Такие семантически наиболее значимые вербальные единицы назовем вербальными конструктами мифа.

Помимо вербальных, существуют конструкты невербальные: артефактно-вещные (казненный колокол — разбитый или с вы­рванным языком), скульптурно-монументальные (например, «Медный всадник» Фальконе в Санкт-Петербурге. Раздавленный змей под копытами коня вводит эту скульптурную метафору в ико­нографический ряд Всадник-драконоборец (Соболева, 2006: 151— 153), Всадник-победитель) и некоторые другие.

5. Каждый миф имеет смысловое ядро, и вербальные и невербальные конструкты, с одной стороны, устремлены к этому ядру, формируют его, являясь его оболочкой.

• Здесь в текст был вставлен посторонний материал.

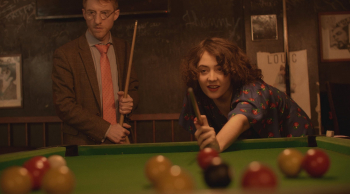 программа КиноСат: Свидание в Париже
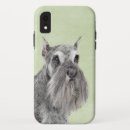 Search for schnauzer iphone cases Standard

А с другой стороны, они служат сигналами, вызывающими в сознании реципиента представление о мифе. Иллюстрацией этого может служить м и ф о Лужкове, бывшем на протяжении 17 лет мэром Москвы.

Смысловым ядром мифа о Лужкове явились понятия: «добро­совестный труженик», «работяга» и «хозяйственник», вообще «ра­чительный хозяин». В российской коллективной ментальности эти понятия всегда были социально одобряемыми и соотносились с представлением «свой» (вспомним: оппозиция «свой/чужой» — это одна из основных оппозиций для знаков политического дис­курса (Шейгал, 2004: 112—113). Вербальными средствами созда­ния и поддержания этих представлений стали: 1) способ номинации: всяческое обыгрывание фамилии, но всегда — с положительными эмоциональными коннотациями: Лужок (шут­ливое прозвище); лужковские (почтительное) — ежемесячные до­платы пенсионерам из фонда г. Москвы; «Больше лужков, парков и скверов!» — лозунг в связи с мероприятиями по озеленению и благоустройству Москвы; «Папаша Лу и дедушка Зю» — заголовок МК — о Лужкове и Зюганове и некоторые другие. Здесь вольность в обращении с фамилией в сочетании с коннотацией дружелюбной шутливости — свидетельство отсутствия официальности в отно­шениях — это сигнал «с в о й»; 2) обыгрывание тех средств языка, которые акцентируют, что деятельность осуществляет­ся для народа. Например, атрибутивный компонент «народ­ный» в одной из последних акций «Народный гараж». Одно из зна­чений прилагательного народный — ‘тот, который для народа’ (см. прежние: Народный университет миллионов, Народный артист. Или современное: Народный адвокат (‘адвокат для народа’) — назва­ние программы на радио «Русская служба новостей» — 17.01.11);

3) на миф «работало» и апеллирование к дореволюци­онным и потому воспринимающимся теперь как содержащие положительную сему номинациям. Таково градоначальник, ко­торое активизировалось в СМИ именно в последнее десятилетие правления Лужкова (интересно, что Большой толковый словарь русского языка пока что дает его как обозначение дореволюцион­ной России6). Ироничная почтительность, сопровождавшая номи­нацию, подчеркивала, что так назван тот, кто печется о городе, за­ботится о его жителях: опосредованно — сигнал «свой».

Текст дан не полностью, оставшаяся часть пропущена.